Text summarization condenses lengthy documents while retaining important information and meaning. It assists users in efficiently processing large amounts of information in a variety of industries such as news, education, business, and healthcare. Despite their benefits, text summarization models frequently struggle with generalizing to new domains, with differing styles and vocabularies causing domain shifts and negatively impacting performance. This limitation limits the models' practical use and scalability in real-world scenarios where users encounter texts from various domains.

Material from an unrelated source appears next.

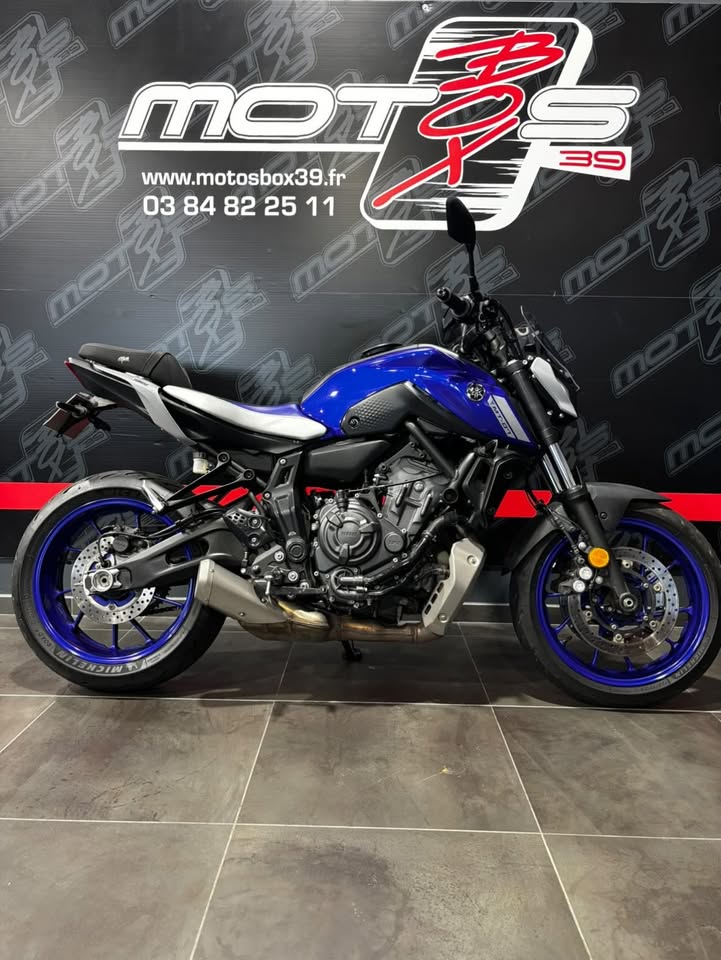 YAMAHA MT-07 – A PARTIR DE 125€/MOIS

To address this issue, we propose assessing the cross-domain adaptability of text summarizer models, with a particular focus on news article summarization. With their diverse topics, genres, and perspectives, news articles present challenges for summarization models. We compare the performance of the TextRank summarizer, an Extractive Summarization model, and the BARTBase Model, an Abstractive Summarization model, using the BBC News Summary dataset, which contains articles and summaries from five domains. Our evaluation involves training and comparing these models on the domain set on which they were developed as well as an unknown different domain set, to assess their adaptability to diverse domains. This study aims to help users who want high-quality summaries in any domain, as well as developers who want to create adaptable text summarization models without the need for additional labeled data.
- Prerequisites
- Summarizers
- Implementation of Summarizers
- Evaluation of the models
- Results
- Analysis
- Developers
- Links
- References
- Python 3 Environment (Anaconda preferred)

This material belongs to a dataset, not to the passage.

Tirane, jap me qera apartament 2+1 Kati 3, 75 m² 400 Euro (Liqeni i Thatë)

- Python modules required: os, re, chardet, numpy, pandas, nltk, textwrap, contractions, sklearn, gensim, scipy, networkx, matplotlib, seaborn, torch, transformers, tqdm, rouge_score, bert_score, warnings
OR
- Any Python3 IDE installed with the above modules. (Pycharm is used in the development of this project)
The dataset we use for this project is from Kaggle and was created using a dataset used for data categorization that consists of 2225 documents from the BBC news website corresponding to stories in five topical areas from 2004 to 2005. This dataset contains texts from five different domains, making it appropriate for assessing cross-domain adaptability. Articles and summaries are stored as individual text files in separate folders for each domain. For the next steps, the article and summary files are combined into five dataframes, each containing the filename, news article, and summary for each domain.

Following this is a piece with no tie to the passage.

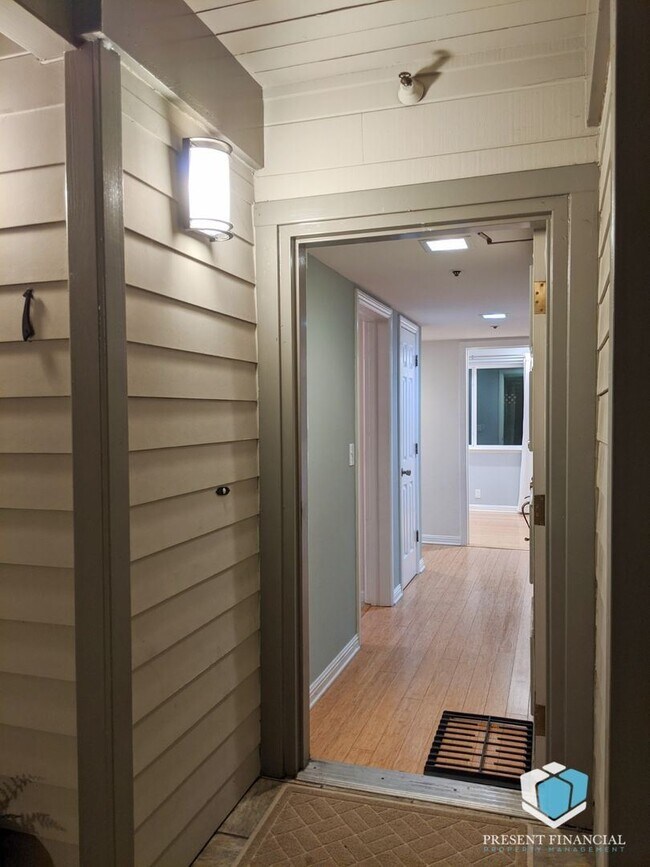 Photo - 3 br, 2 bath House - 1370 Valencia Street,...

The datasets are shuffled and Text Contractions are expanded across the datasets. We analyze the sentence lengths and remove the records with outliers.
Text summarization can be divided into two categories: Extractive and Abstractive.
- Extractive summarization involves determining and combining the most important sentences or phrases from the source text, forming the summary without introducing new words or sentences. This procedure is similar to highlighting key sections of the text.
- Our study focuses on extractive summarization using the TextRank Algorithm, which ranks sentences based on their frequency and similarity to other texts. TextRank, which is based on the PageRank algorithm used in online search results, treats sentences as nodes in a graph, connected by edges that represent their similarity. Various similarity metrics, such as cosine similarity, Jaccard similarity, and word overlap, quantify this similarity. TextRank assigns scores to sentences based on the quality and quantity of their links, with the highest-scoring sentences chosen for the summary.
- Abstractive summarization methods create new words or phrases to capture the essence of the original text rather than simply copying and pasting. Instead, they paraphrase or rewrite the content, providing a condensed rewrite.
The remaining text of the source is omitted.